# Game of Thrones: Winter is Coming - CGI-Trailer zum neuen Strategiespiel



## PCGH-Redaktion (2. April 2019)

Jetzt ist Ihre Meinung zu *Game of Thrones: Winter is Coming - CGI-Trailer zum neuen Strategiespiel* gefragt. 

Bitte beachten Sie: Der Kommentarbereich wird gemäß der  Forenregeln moderiert. Allgemeine Fragen und Kritik zu Online-Artikeln von PC Games Hardware sind im Feedback-Unterforum zu veröffentlichen und nicht im Kommentarthread zu einer News.

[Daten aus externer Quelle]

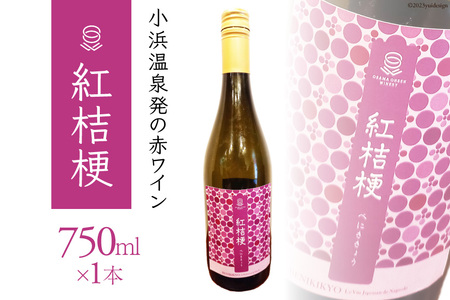 赤ワイン 小浜温泉発 紅桔梗 750ml×1本 [小浜温泉ワイナリー 長崎県 雲仙市 item1756] ワイン 赤 赤ワイン 国産 日本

Dort werden sie ohne Nachfragen entfernt.




			Dieser Inhalt steht nur eingeloggten Mitgliedern zur Verfügung.
        

 Zurück zum Artikel: *Game of Thrones: Winter is Coming - CGI-Trailer zum neuen Strategiespiel*


----------



## thrustno1 (2. April 2019)

Ach Gott und ich dachte das wäre ein ernsthaftes Spiel, leider nur ein Mobil Handy game.....


----------



## Krolgosh (2. April 2019)

Ja.. hab im ersten Moment gleich an etwas im Sinne von Schlacht um Mittelerde gedacht. Naja dann halt nicht.. wäre auch zu schön gewesen.


----------



## weisserteufel (2. April 2019)

Das ist doch der gleiche Bullshit wie Game of Thrones: Conquest für iOS.

Ne, lass mal.


----------



## Inras (2. April 2019)

Ich habe "Browser" gelesen, dann war ich raus.


----------



## Terracresta (2. April 2019)

Inras schrieb:


> Ich habe "Browser" gelesen, dann war ich raus.



Ich musste lachen, als ich es sah. Einen auf dicke Hose machen mit dem Video und dann Browsergame...


----------



## D.K.Silver (2. April 2019)

Habe erst gedacht "Wow ,ein Strategiespiel mit GoT Universum.. wieso habe ich noch nichts davon gehört.. Bis ich Brower..... Ende.


----------